O trailer do GTA já está entre nós, e ele é baseado no mundo real na região da Flórida e Miami. Você sabia que o Coringa do GTA é real? Isso ocorre porque o GTA é baseado na Flórida. Durante esses 10 anos, o trailer do GTA entregou basicamente tudo que rolou de meme e viral, do mais bizarro que a humanidade poderia oferecer. Então, dá um like que eu vou falar sobre as referências do GTA novo.

Agora, deixa eu começar com o Coringa da Flórida. Esse cara viralizou uns anos atrás por ter cometido crimes, e ele já foi preso umas duas vezes. Aqui no jogo, ele está sendo literalmente preso porque tem tatuagens no seu corpo que acabam confessando seus crimes. Ele foi capturado em 2017 por porte ilegal de arma e ficou preso por um tempo; deveria ficar no máximo uns 5 anos ou pagando uma fiança de $1000, só que depois ele acabou sendo preso mais ou menos lá para 2022, algo assim. Ele acabou sendo preso porque ameaçou alguém usando armas. Justamente que ele estava mostrando, sabe? O crime que ele cometeu foi exibicionismo de arma. Ele teria, de certa forma, ameaçado alguém ou coagido alguém a fazer algo, e ele foi preso por isso pela segunda vez. Uma referência sutil é a Miami Boat Race. Isso aqui é um momento muito especial que aparece lá no trailer, onde tem aquelas lanchas fazendo uma corrida. Muita gente começou a apontar que seria uma suposta referência a uma série de TV dos anos 80, chamada Miami Vice, que mostra a história de dois policiais em Miami. Dentro de um dos episódios, eles conseguem resolver um crime dentro de uma corrida de lanchas que acontece lá da série. Sei lá, é uma referência meio forçada, mas tá aqui, até porque os nossos protagonistas são dois, então poderia rolar algo parecido. Mas só teoria.

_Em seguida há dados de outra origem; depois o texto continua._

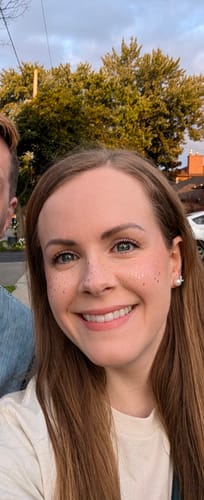 Customer photo review of Rose Gold Stardust Speckles Makeup Patches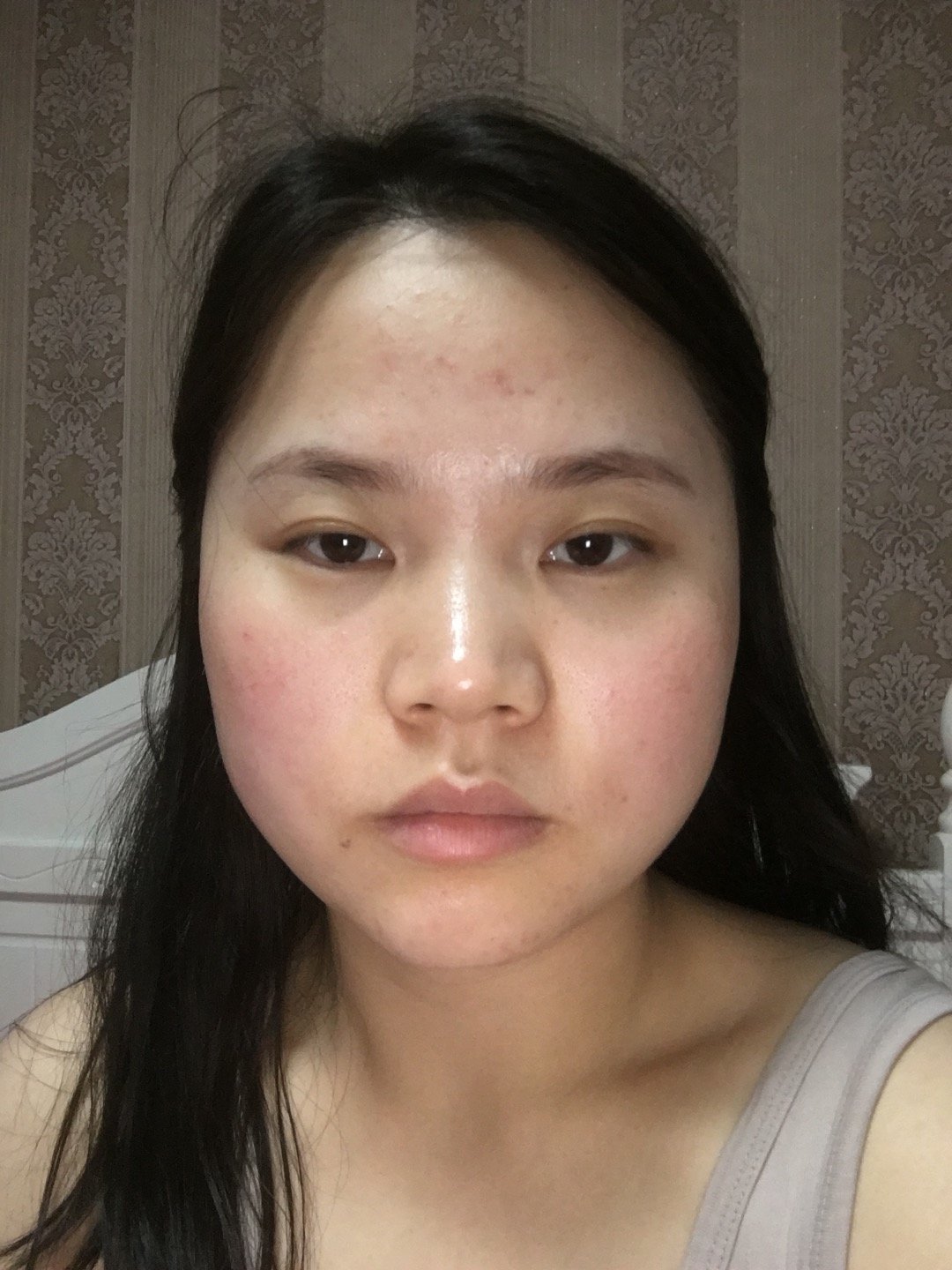 大小眼,而且两边脸不对称,下颌角宽大,颧骨也大,希_圈子-新氧美容整形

O homem nu tem mais a ver com uma matéria que acabou viralizando na Flórida. Mas, dentro do trailer que você viu do GTA, existem várias pessoas fazendo algumas tarefas sem roupa, andando por aí sem problema algum, ou até mesmo fazendo o seu jardim, né, lá regando plantas, usando umas roupas bem bizarras. A questão aqui é que tem uma matéria que viralizou na internet de um homem que estava fazendo as suas tarefas no quintal de casa, como regar uma planta, e que questionava o direito legal das pessoas de fazer o que querem vestir o que querem dentro da sua propriedade. E isso acabou viralizando e é bem bizarro porque cara, tipo, isso aqui tá agindo na margem da lei, e o bom senso foi embora, mostrando que o GTA 6 está realmente se preocupando com os detalhes, mesmo que sejam os mais bizarros. A mulher do martelo, essa velha que apareceu aqui de surpresa, deixou algumas pessoas meio que sem saber, mas ela é real também. Existe um vídeo viral na internet que mostra uma velha usando martelos, quebrando uma janela de um carro e mandando os vizinhos irem embora do bairro. Isso aqui tá bem referenciado aqui e sério, é bizarro. Mas eles estão pegando um caso real, e procurando um pouco mais sobre essa mesma mulher, eu acabei descobrindo que ela aparentemente está presa porque ela teria dado uma martelada na cabeça do seu marido por causa de uma briga, uma discussão por causa de um “rum,” que é uma bebida, jacarés na piscina. Cara, eu sei que isso chamou atenção pra caramba para você, mas isso aqui é uma realidade para quem mora na Flórida. A questão aqui é que, vice Siri, GTA 6 vai colocar isso aqui acontecendo com maior frequência. Porque, como ele é inspirado em Miami, Flórida, a questão é que essa região, ela é tipo, muito próxima de uma área pantanosa. Então tem muitas matérias de certos períodos que mostram que vários jacarés começam a fazer um rolê entre a cidade, sabe, entrando na piscina da casa dos outros, se alguém dorme com a, sei lá, com a porta aberta, o jacaré acaba entrando nas lojas, entrando nas casas. Isso realmente acontece e tá representado no GTA.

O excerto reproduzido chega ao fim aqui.